Otóż aby zagwarantować taką opcję, producent musiał zaimplementować specjalny filtr kolorów do jednego z obiektywu smartfona. Niestety, mówiąc o tym aparacie fotograficznym nie możemy stwierdzić, iż jest on przenośnym rentgenem. Dany czwarty obiektyw 5 Mpx
jest tak zaprojektowany, żeby wpuszczać do sensora różne rodzaje światła, potem to już kwestia oprogramowania filtrującego.
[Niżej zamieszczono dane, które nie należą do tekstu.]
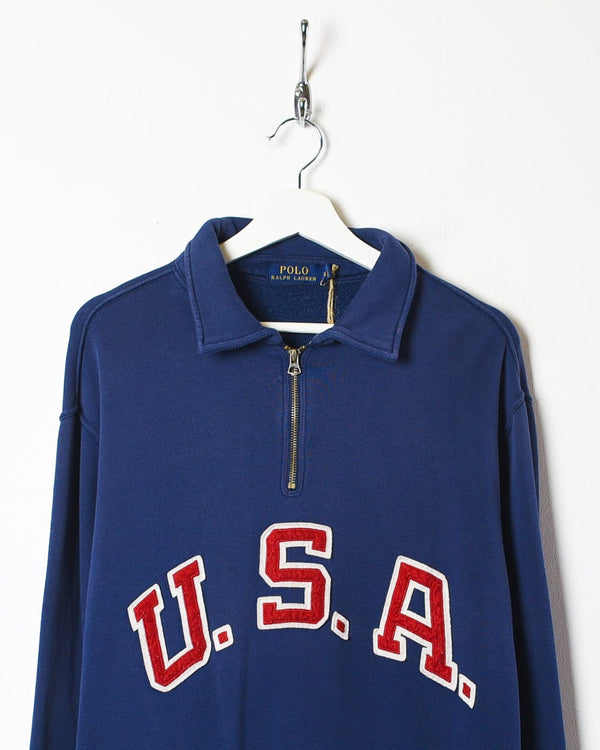 Navy Polo Ralph Lauren USA 1/4 Zip Sweatshirt - Large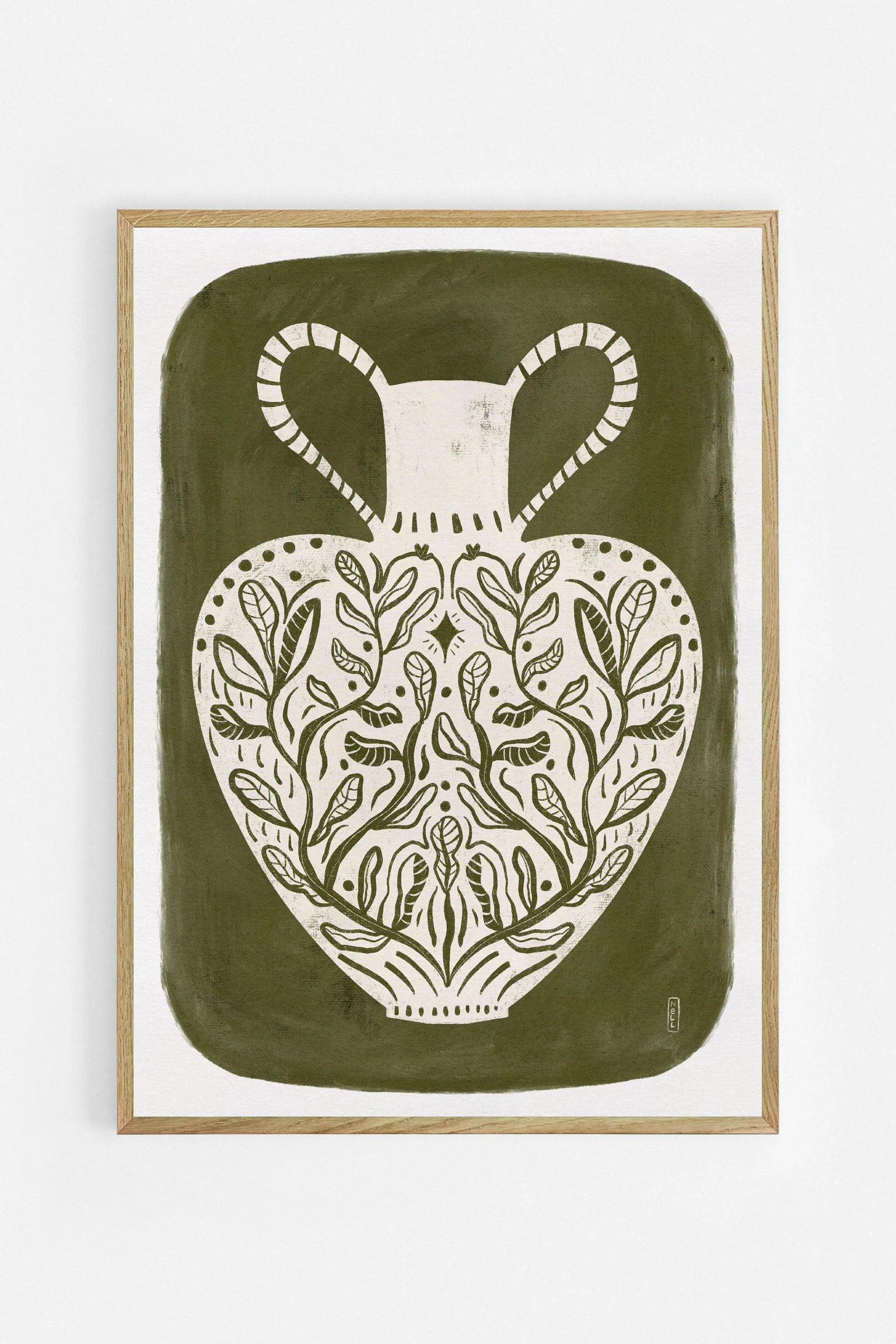 Botanical Folk Vase art print by Dirkie Nell in an oak frame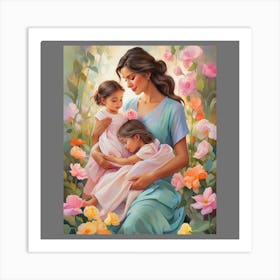 Mother And Daughter Painting Art Print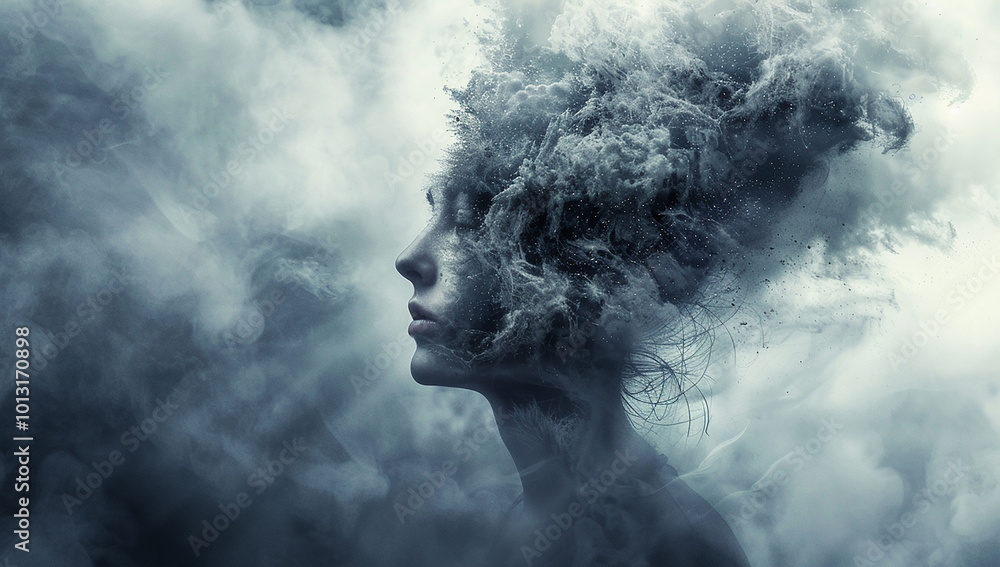 A woman's head dissolves into swirling smoke and ash, against an apocalyptic sky A woman's head dissolves into swirling smoke and ash, against an apocalyptic sky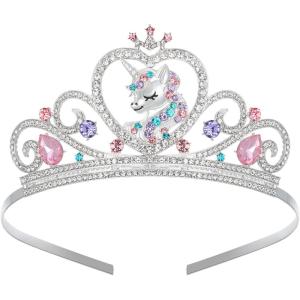 imageSWEETV Unicorn Princess Tiaras for Girls Crystal Kids Crown Headband Birthday Party Hats Halloween Costume Hair Accessories01Silver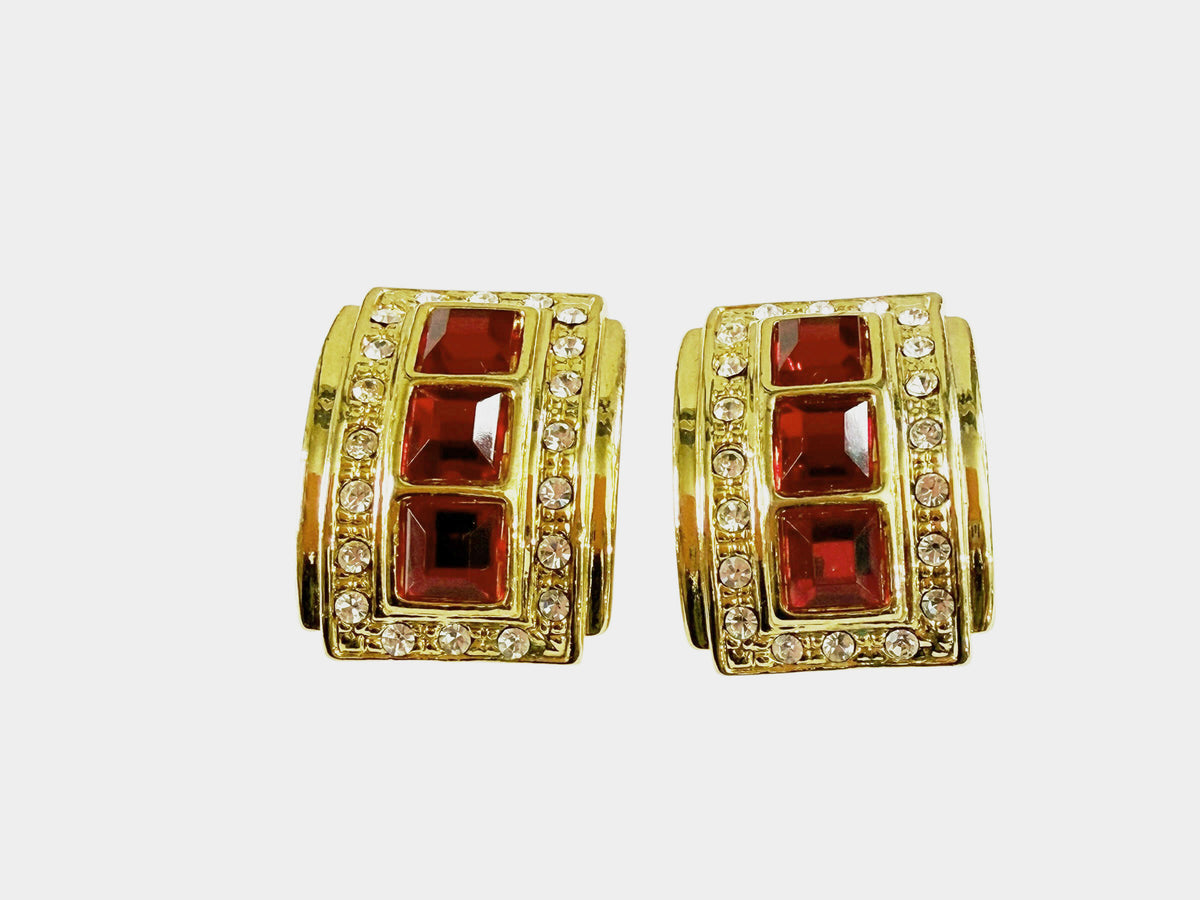 #42 Vintage Cilp -On Goldstone Rhinstone Ruby and Diamond Earrings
Obiektyw z filtrem kolorów w porównaniu do klasycznego obiektywu, nie blokuje światła podczerwonego, które jak wiadomo jest poza spektrum widzenia ludzkiego oka, ale za to światłoczułe matryce instalowane w dzisiejszych smartfonach mają taką możliwość. Fala podczerwieni ma większą długość, co skutkuje zdolnością do przenikania przez obiekty, o ile barwa danego ciała to umożliwia.
Do czego to możemy wykorzystać? Praktycznie do każdego obiektu, przez który może przejść światło podczerwone, dzięki czemu kamera Oneplusa 8 może “widzieć przez nią”.
Weźmy na przykład pilot do telewizora, czy przenośny apple TV, dzięki takiej kamerze możemy zobaczyć elektronikę, która leży w środku.
Obiektyw Oneplus 8 pro nie jest pierwszym ogólnodostępnym produktem umożliwiającym widzenie “przez przedmioty”, bowiem kamera TrueDepth w iPhone wykorzystywana w technologi FaceID, która również korzysta z podczerwieni teoretycznie mogłaby też zostać użyta w takim celu.
Filtr w niedługim czasie zostanie usunięty gdyż wiadomo, że taką opcję można wykorzystać w celach naruszenia czyjejś prywatności. W teorii może nie działać to tak jakby niektórzy sobie wymarzyli, ale firma woli wykonać kroki wcześniej, niż w przyszłości borykać się z problemami.